On a recent fall morning, Wille greeted students in between classes. On the walls of the hallway are inspirational quotes, along with bulletin boards featuring learning standards and samples of student work aligned to those standards. “Making the work visible” is part of how staff stay accountable to each other and maintain transparency about their work, Wille said.

In a 6th grade English classroom, students worked on writing leads. Wille walked around the room talking with students, as he often does. When he visits classrooms, he poses three questions to students: what are you learning? How do you know you’ve learned it? What are the next steps?

School staff have set a goal to “close the gap,” so that in the current school year, every student meets grade level proficiency or improves by one level on the Smarter Balanced assessment (SBA). The school already performs better than state averages on the SBA, with nearly 70 percent of 8th graders meeting standard in English, and almost 65 percent scoring proficient in math.

The learning standards are “vertical,” Bennett said, supporting learning that builds from year to year. The school has grade-level teams that break down learning standards and regularly discuss what proficiency looks like. Wille provides professional development time for this work.

Bennett said teachers collaborate with each other to calibrate grading so that students’ work is judged consistently no matter their teacher.

“We rely on our colleagues to support student success,” she said.

Teachers also talk through the standards with students and use them to support students in developing academic goals.

Future focus and goal setting prepare students for high school transition

Connecting classroom work to future plans is also important at Hidden River. The school is committed to ensuring that every 8th grade student completes a High School and Beyond Plan. Health teacher Katy White has led the effort.

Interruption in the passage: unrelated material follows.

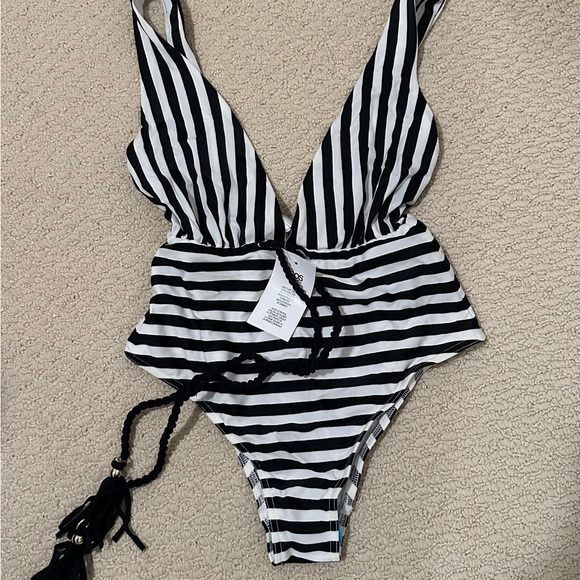 One piece swimsuit - Picture 2 of 3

“Relevancy has to be there,” White said.

She has developed lessons to deliver in the fall of the 8th grade during health classes, which is an appropriate venue because those classes are already focused on goal setting.

White created a step-by-step checklist to keep students organized as they work on their Plans and to prevent overwhelm from too much material as they prepare for high school course registration. She prints out the high school course catalog for students to review and keeps in touch with counselors at the high school to stay up-to-date and check in on students.

Students often ask her why they must consider all four years of high school when they are picking 9th grade classes. “We need to look at the big picture to make sure that four years of courses add up to graduation,” White said.

Having life all mapped out is not the point, White said. She tells students, “You don’t have to have it all figured out, but you should set goals.”